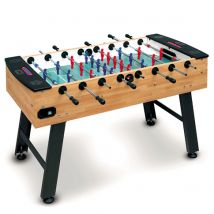 FAS Club football table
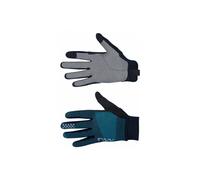 Northwave Air Gloves Blu 2XL Uomo Blue / Grey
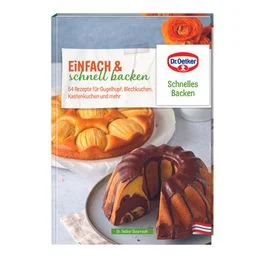 austriansupermarket202610211522599879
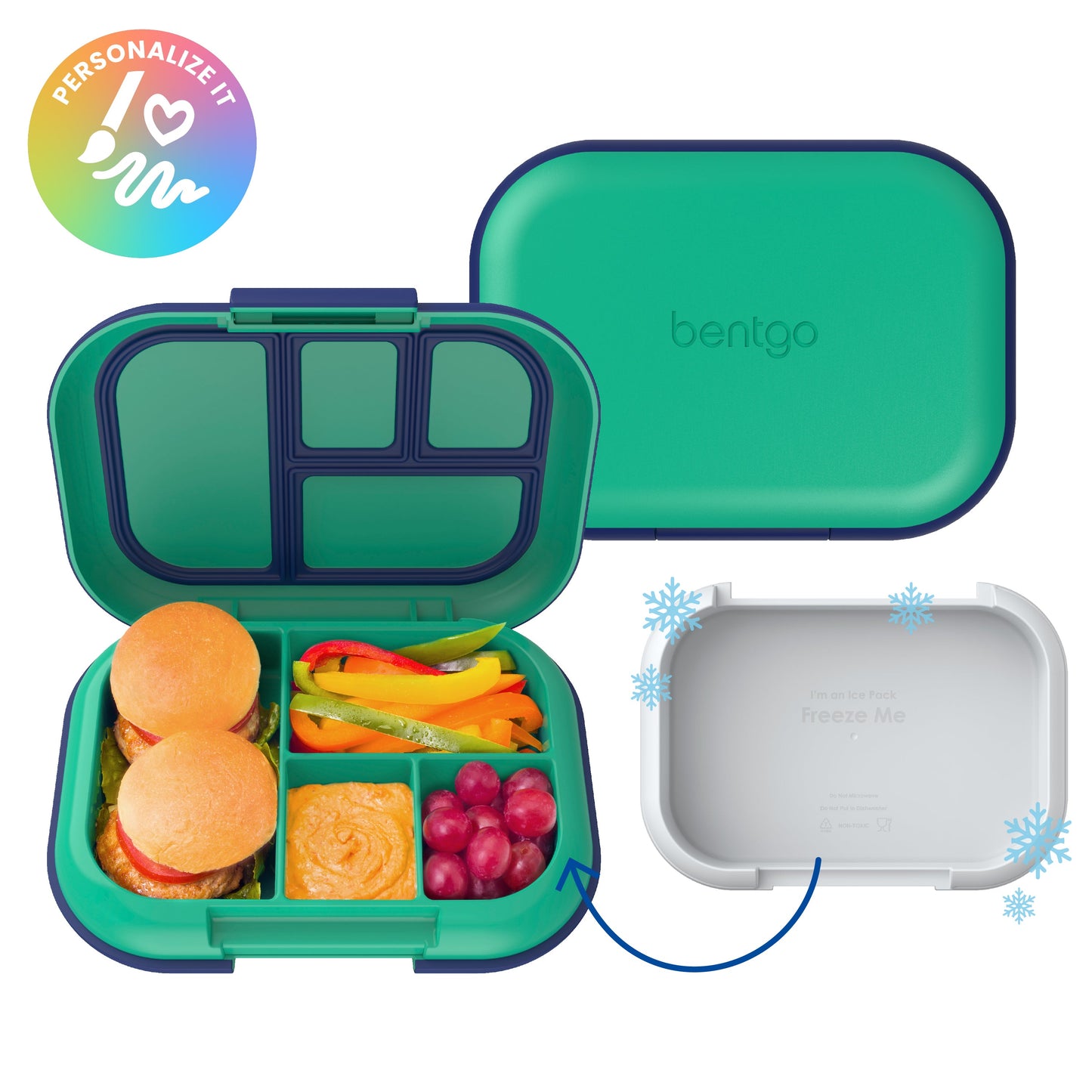 bentgo-chill-kids-lunch-box-personalized-a4 BGOCHL-G_PZHero.jpg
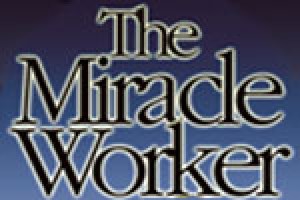 The Miracle Worker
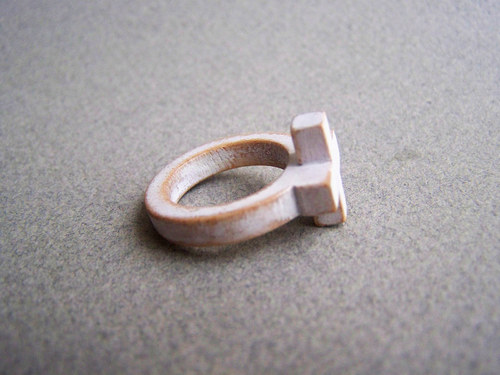 Cross — foto 5
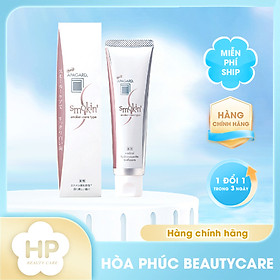 Kem Đánh Răng Apagard Tẩy Vết Vàng Ố Apagard Smokin'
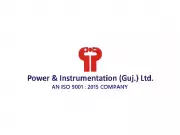 Power Instrumentation Gujarat Q2 Net Profit Jumps 27%, Income Up 38%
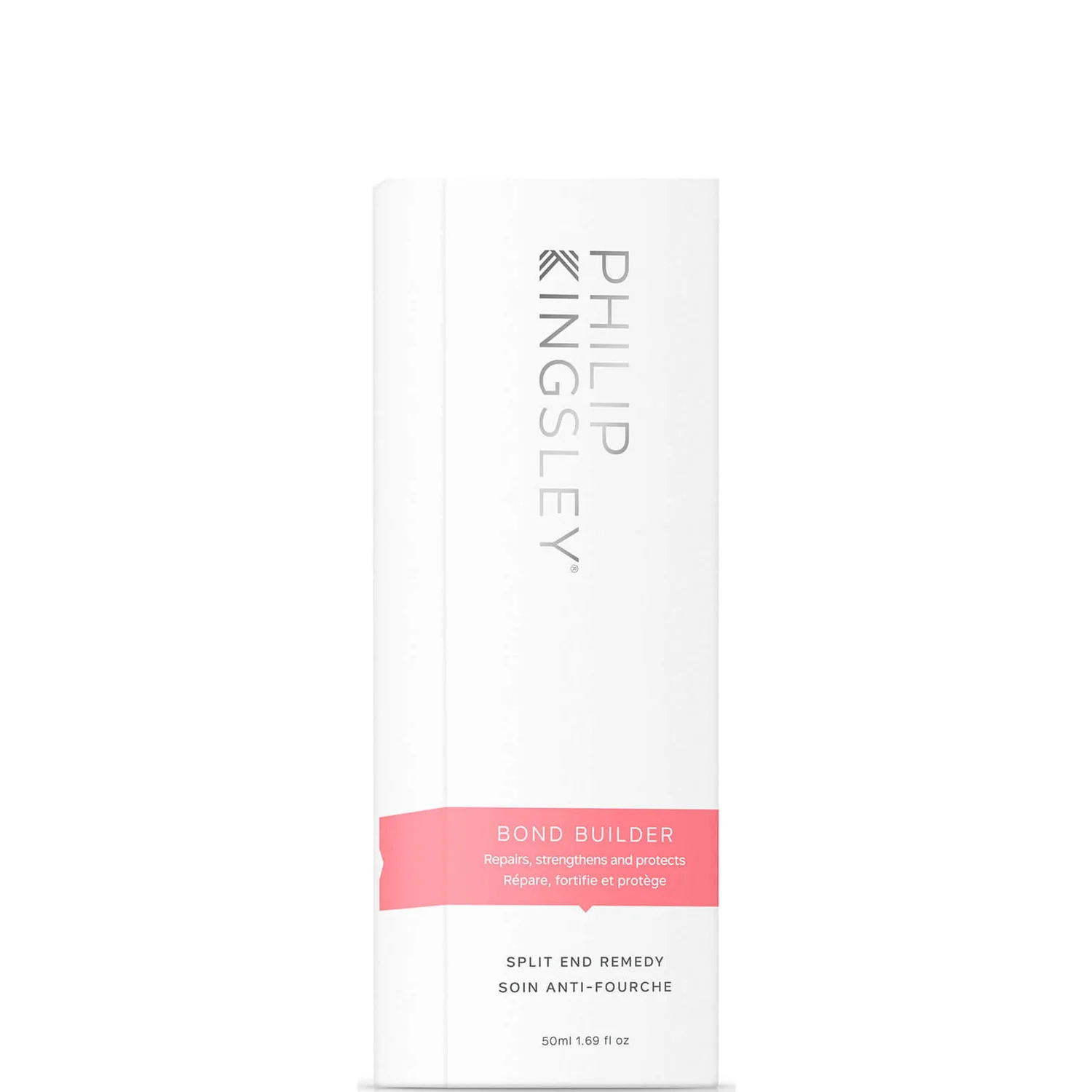 Philip Kingsley Bond Builder Split End Remedy 50ml 2 Philip Kingsley Bond Builder Split End Remedy 50ml - Image 2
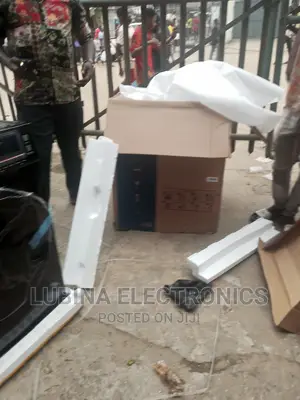 Brand New Middea 10kg Inverter Automatic Washing Machine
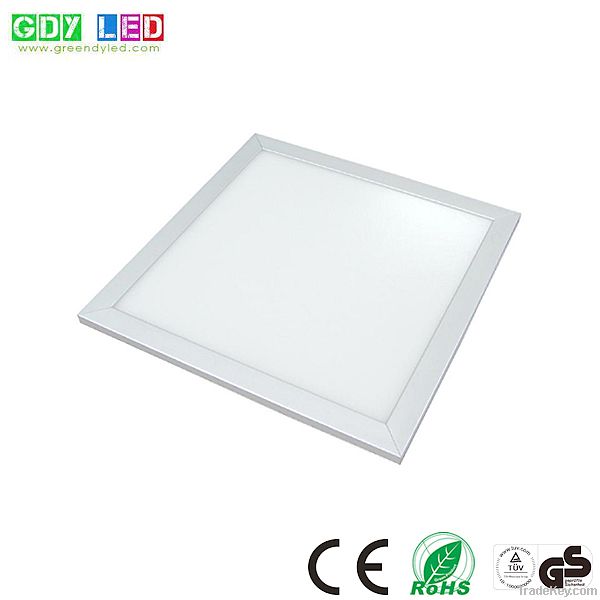 led panel light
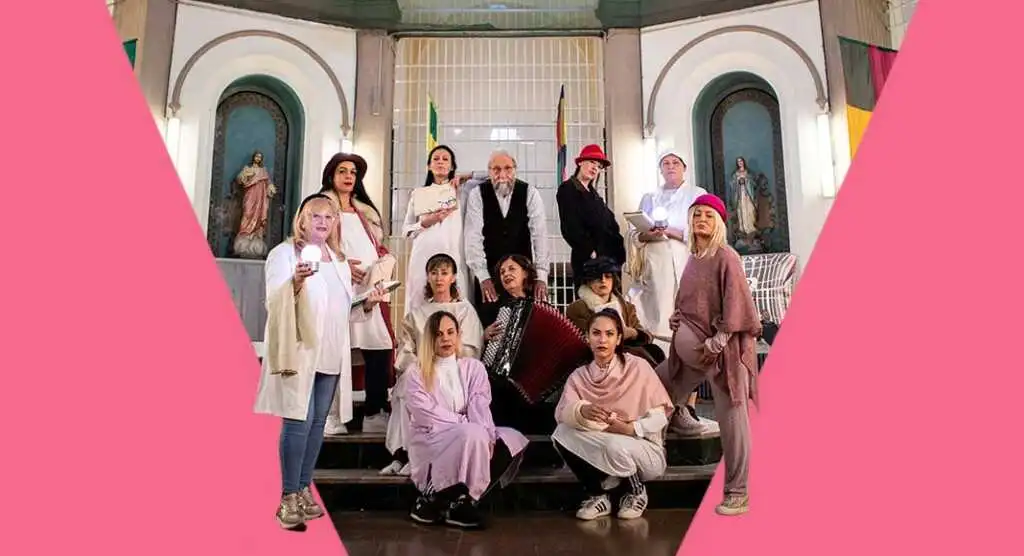 teatro-in-carcere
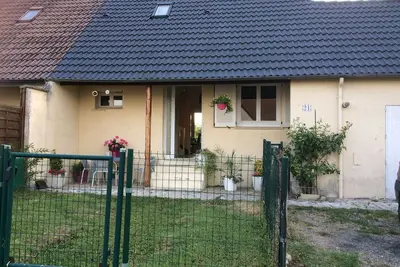 Image de Location Maison de 80 m²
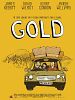 poster de Gold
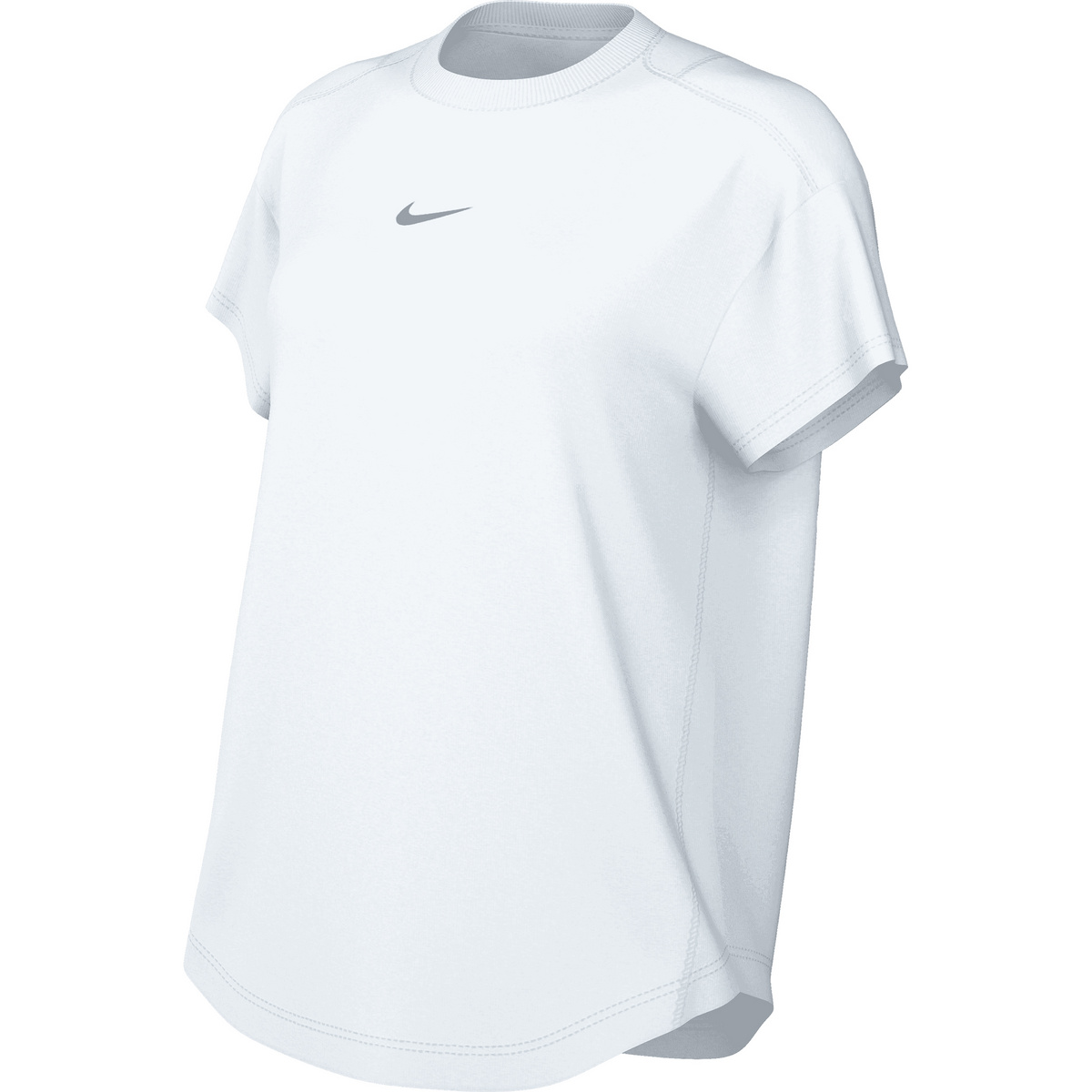 Image of Nike Damen One Relaxed T-Shirt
- - - - -
▶ **Goal of the exercise**
Please restate word for word the lines above, starting with the line that holds "The Miracle Worker" and ending with the final line of the records, while leaving out pictures.

▶ **Task response**
 The Miracle Worker
 Cross — foto 5
 Kem Đánh Răng Apagard Tẩy Vết Vàng Ố Apagard Smokin'
 Power Instrumentation Gujarat Q2 Net Profit Jumps 27%, Income Up 38%
 Philip Kingsley Bond Builder Split End Remedy 50ml 2 Philip Kingsley Bond Builder Split End Remedy 50ml - Image 2
 Brand New Middea 10kg Inverter Automatic Washing Machine
 led panel light
 teatro-in-carcere
 Image de Location Maison de 80 m²
 poster de Gold
 Image of Nike Damen One Relaxed T-Shirt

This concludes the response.